Soldiers are closing down relief camps and driving people back to villages where they have nothing, and threatening others with arrest when they arrive in towns seeking aid.

The regime says 133,000 people were killed or went missing on the night when 12-foot waves washed 25 miles inland, although foreign governments believe the true figure could be 200,000. In the appalling conditions, reports suggest, more people are dying.

It is 12 days since Secretary-General Ban won an assurance from Senior General Than Shwe that international relief workers would be given full access to the delta.

But the United Nations said that only 15 international staff were allowed into the area last week and agencies still have no permanent presence there.

A U.N. helicopter that arrived on May 22 was only allowed to begin flights to the delta on Monday. Red tape continues to limit the number of boats, lorries, and satellite telephones available to the relief effort.

There has been some improvement. The United Nations said yesterday that 49% of the 2.4 million people in need of assistance have received international aid on at least one occasion, compared with only 23% who had received aid by May 25. But even those who have received something have not received enough.

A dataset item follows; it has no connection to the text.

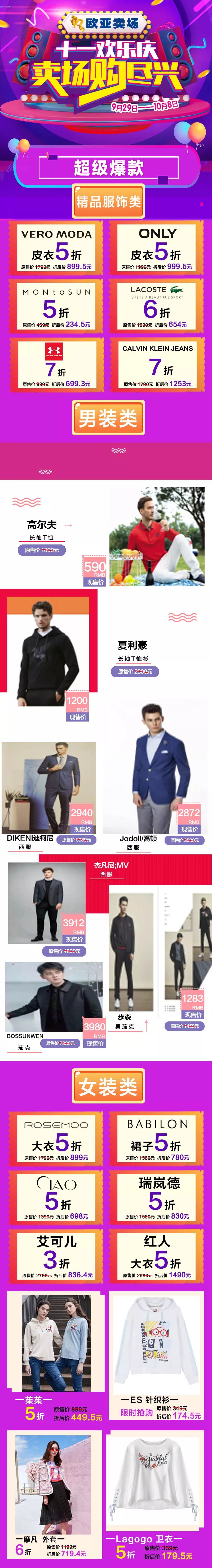 玩转“价”期丨国庆折扣清单泄密！名品大牌“冰点”折上折再满减！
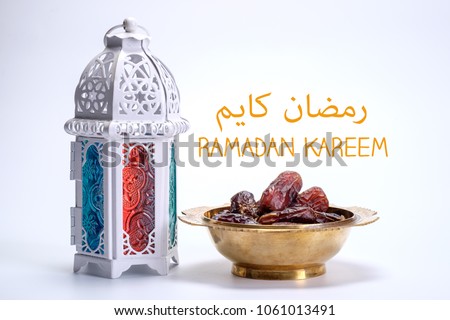 Ramadan Kareem Arabic calligraphy with lantern, date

Nine more U.N. helicopters are expected to arrive in Rangoon this week, two weeks after the regime gave permission for them to be imported. It is unclear when or if they will be given permission to fly to the delta.

Other aspects of the relief mission are also making very slow progress.

A U.N. appeal for $200 million is still well short of its target. World Food Program said its $70 million food aid project faced a 64% funding shortfall.

Following the last comparable natural disaster — the Boxing Day tsunami of 2004 — foreign governments donated $2 billion in the first week.